Brief descriptive captions:
=== Begin Enclosure ===

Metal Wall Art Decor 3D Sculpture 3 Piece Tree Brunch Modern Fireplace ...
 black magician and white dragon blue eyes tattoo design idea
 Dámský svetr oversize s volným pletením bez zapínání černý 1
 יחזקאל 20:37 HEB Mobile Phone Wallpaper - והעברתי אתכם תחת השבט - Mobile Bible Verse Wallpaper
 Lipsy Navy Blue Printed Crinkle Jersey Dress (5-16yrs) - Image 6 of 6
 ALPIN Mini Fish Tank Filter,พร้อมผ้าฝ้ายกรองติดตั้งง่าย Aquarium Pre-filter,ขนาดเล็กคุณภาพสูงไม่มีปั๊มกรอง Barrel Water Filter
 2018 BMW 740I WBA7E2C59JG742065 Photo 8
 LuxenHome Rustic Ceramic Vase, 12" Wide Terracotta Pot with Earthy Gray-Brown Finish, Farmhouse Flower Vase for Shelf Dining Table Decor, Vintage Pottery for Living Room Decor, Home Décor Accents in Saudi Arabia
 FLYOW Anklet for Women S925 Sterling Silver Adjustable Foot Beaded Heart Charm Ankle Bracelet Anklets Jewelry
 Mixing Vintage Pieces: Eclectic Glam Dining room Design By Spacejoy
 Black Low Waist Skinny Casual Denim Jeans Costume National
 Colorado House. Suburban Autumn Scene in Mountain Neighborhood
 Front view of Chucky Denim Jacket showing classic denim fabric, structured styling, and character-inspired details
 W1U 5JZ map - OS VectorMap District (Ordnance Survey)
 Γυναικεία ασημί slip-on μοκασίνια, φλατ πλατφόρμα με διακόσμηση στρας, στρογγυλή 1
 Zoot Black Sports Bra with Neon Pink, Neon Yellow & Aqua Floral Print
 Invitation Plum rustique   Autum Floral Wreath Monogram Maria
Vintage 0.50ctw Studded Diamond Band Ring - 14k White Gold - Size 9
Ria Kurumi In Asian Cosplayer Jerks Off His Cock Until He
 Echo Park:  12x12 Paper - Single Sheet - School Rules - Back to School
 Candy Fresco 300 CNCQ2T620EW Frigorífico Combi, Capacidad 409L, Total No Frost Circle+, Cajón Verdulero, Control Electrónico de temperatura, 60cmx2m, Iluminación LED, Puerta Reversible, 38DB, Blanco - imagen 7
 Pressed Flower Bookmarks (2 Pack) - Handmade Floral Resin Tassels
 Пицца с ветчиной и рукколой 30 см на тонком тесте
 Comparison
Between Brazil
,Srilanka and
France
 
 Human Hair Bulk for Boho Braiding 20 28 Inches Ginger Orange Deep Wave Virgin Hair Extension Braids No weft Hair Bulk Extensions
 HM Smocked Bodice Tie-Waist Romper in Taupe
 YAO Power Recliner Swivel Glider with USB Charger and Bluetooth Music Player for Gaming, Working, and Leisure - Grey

=== End Enclosure ===

▸ What is required
From the records above, print only the lines between the one holding "ALPIN Mini Fish" and the one holding "HM Smocked Bodice Tie-Waist Romper in Taupe", inclusive, exactly as they stand.

▸ Response area
 ALPIN Mini Fish Tank Filter,พร้อมผ้าฝ้ายกรองติดตั้งง่าย Aquarium Pre-filter,ขนาดเล็กคุณภาพสูงไม่มีปั๊มกรอง Barrel Water Filter
 2018 BMW 740I WBA7E2C59JG742065 Photo 8
 LuxenHome Rustic Ceramic Vase, 12" Wide Terracotta Pot with Earthy Gray-Brown Finish, Farmhouse Flower Vase for Shelf Dining Table Decor, Vintage Pottery for Living Room Decor, Home Décor Accents in Saudi Arabia
 FLYOW Anklet for Women S925 Sterling Silver Adjustable Foot Beaded Heart Charm Ankle Bracelet Anklets Jewelry
 Mixing Vintage Pieces: Eclectic Glam Dining room Design By Spacejoy
 Black Low Waist Skinny Casual Denim Jeans Costume National
 Colorado House. Suburban Autumn Scene in Mountain Neighborhood
 Front view of Chucky Denim Jacket showing classic denim fabric, structured styling, and character-inspired details
 W1U 5JZ map - OS VectorMap District (Ordnance Survey)
 Γυναικεία ασημί slip-on μοκασίνια, φλατ πλατφόρμα με διακόσμηση στρας, στρογγυλή 1
 Zoot Black Sports Bra with Neon Pink, Neon Yellow & Aqua Floral Print
 Invitation Plum rustique   Autum Floral Wreath Monogram Maria
Vintage 0.50ctw Studded Diamond Band Ring - 14k White Gold - Size 9
Ria Kurumi In Asian Cosplayer Jerks Off His Cock Until He
 Echo Park:  12x12 Paper - Single Sheet - School Rules - Back to School
 Candy Fresco 300 CNCQ2T620EW Frigorífico Combi, Capacidad 409L, Total No Frost Circle+, Cajón Verdulero, Control Electrónico de temperatura, 60cmx2m, Iluminación LED, Puerta Reversible, 38DB, Blanco - imagen 7
 Pressed Flower Bookmarks (2 Pack) - Handmade Floral Resin Tassels
 Пицца с ветчиной и рукколой 30 см на тонком тесте
 Comparison
Between Brazil
,Srilanka and
France
 
 Human Hair Bulk for Boho Braiding 20 28 Inches Ginger Orange Deep Wave Virgin Hair Extension Braids No weft Hair Bulk Extensions
 HM Smocked Bodice Tie-Waist Romper in Taupe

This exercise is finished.